The EGFR tyrosine kinase inhibitor (TKI) dacomitinib showed superior overall survival (OS) vs gefitinib in patients with treatment-naïve EGFR-positive non-small-cell lung cancer (NSCLC) in the final analysis of the ARCHER 1050 study.

The results make dacomitinib the first EGFR TKI to show a significant OS benefit over another EGFR TKI in a randomized head-to-head comparison in this context. [Mok T, et al, ASCO 2018, abstract 9004; J Clin Oncol 2018, doi: 10.1200/JCO.2018.78.7994]

“In this phase III study, 452 patients with Eastern Cooperative Oncology Group performance status of 0 or 1 and newly diagnosed advanced NSCLC with activating EGFR mutations were randomized to receive the second-generation EGFR TKI dacomitinib 45 mg/day or the standard-of-care first-generation EGFR TKI gefitinib 250 mg/day,” said investigator Professor Tony Mok of the Chinese University of Hong Kong, Hong Kong.

The primary analysis, reported previously, showed a significant 41 percent PFS improvement with dacomitinib vs gefitinib (median PFS, 14.7 months vs 9.2 months; hazard ratio [HR], 0.59). [Lancet Oncol 2017;18:1454-1466]

The present final OS analysis showed a significant 24 percent OS improvement in patients receiving dacomitinib vs gefitinib (median OS, 34.1 months vs 26.8 months; HR, 0.76; p=0.0438). The 30-month OS rate was 56.2 percent in the dacomitinib arm vs 46.3 percent in the gefitinib arm.

One patient in the dacomitinib arm and 11 patients in the gefitinib arm developed brain metastases as the primary site of progression.

“Although the study was not powered to test interaction, preliminary subgroup OS analyses by baseline characteristics were generally consistent with the primary OS analysis,” noted Mok. “In the Asian subgroup, for example, the median OS was 34.2 months with dacomitinib vs 29.1 months with gefitinib [HR, 0.812; p=0.1879].”

Two other studies have compared second- or third-generation EGFR TKIs with first-generation EGFR TKIs.
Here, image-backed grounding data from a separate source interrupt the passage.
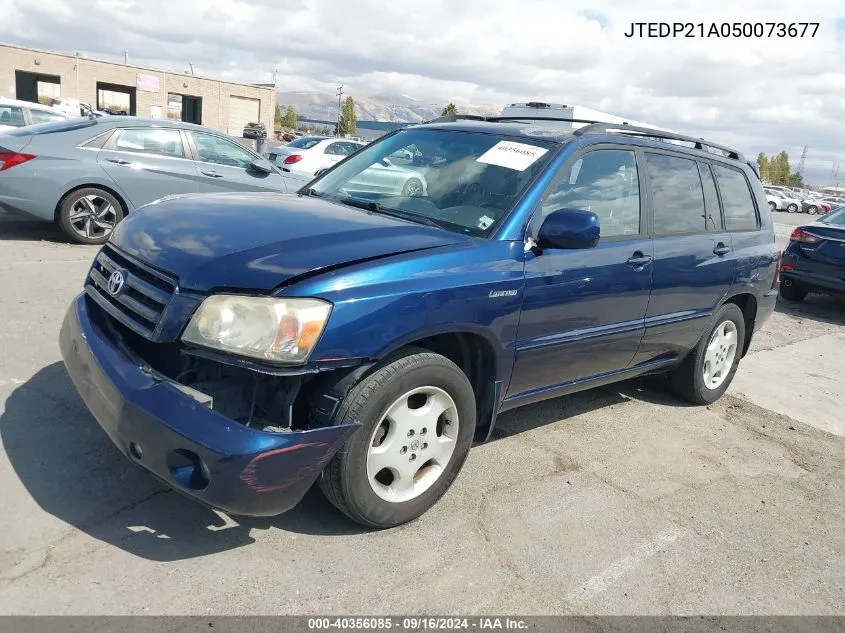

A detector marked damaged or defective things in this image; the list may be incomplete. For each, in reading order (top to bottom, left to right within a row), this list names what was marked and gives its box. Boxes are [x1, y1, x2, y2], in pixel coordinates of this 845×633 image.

damaged front bumper [57, 294, 362, 516]
cracked pavement [0, 216, 840, 612]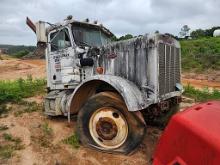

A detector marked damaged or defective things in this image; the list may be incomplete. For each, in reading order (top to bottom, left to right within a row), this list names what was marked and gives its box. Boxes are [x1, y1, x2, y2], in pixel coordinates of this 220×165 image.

broken windshield [72, 25, 110, 47]
rusted wheel rim [88, 106, 128, 149]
The LUX-Lung 7 study, which compared the second-generation EGFR TKI afatinib with gefitinib, showed significant improvement in PFS (HR, 0.73; p=0.017) but not OS (HR, 0.86; p=0.258). [Lancet Oncol 2016;17:577-589] The OS data of the FLAURA study, which compared the third-generation EGFR TKI osimertinib with gefitinib or erlotinib, were only at 25 percent maturity at the time of the interim analysis. [N Engl J Med 2018;378:113-125]
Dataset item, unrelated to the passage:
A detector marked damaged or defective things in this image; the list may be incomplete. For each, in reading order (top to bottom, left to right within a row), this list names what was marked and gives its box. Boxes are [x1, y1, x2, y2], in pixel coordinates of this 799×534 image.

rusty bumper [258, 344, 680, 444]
“In the ARCHER 1050 study, the previously reported significant PFS benefits with dacomitinib vs gefitinib successfully translated into significant OS benefits,” concluded Mok. “Dacomitinib is the first to show a significant OS improvement in a head-to-head comparison with another EGFR TKI in locally advanced or metastatic EGFR-positive NSCLC."

According to the investigators, dacomitinib should be considered one of the standard treatment options for this population. The optimal sequence of therapy, however, remains controversial. Patients with inadequate responses to second-generation EGFR TKIs have an approximately 50 percent chance of developing EGFR T790M mutation, and these patients are likely to benefit from osimertinib. In the present study, the median OS was 36.7 months in patients who received first-line dacomitinib followed by a third-generation EGFR TKI. Nevertheless, these results should be interpreted with caution because the sample size was small.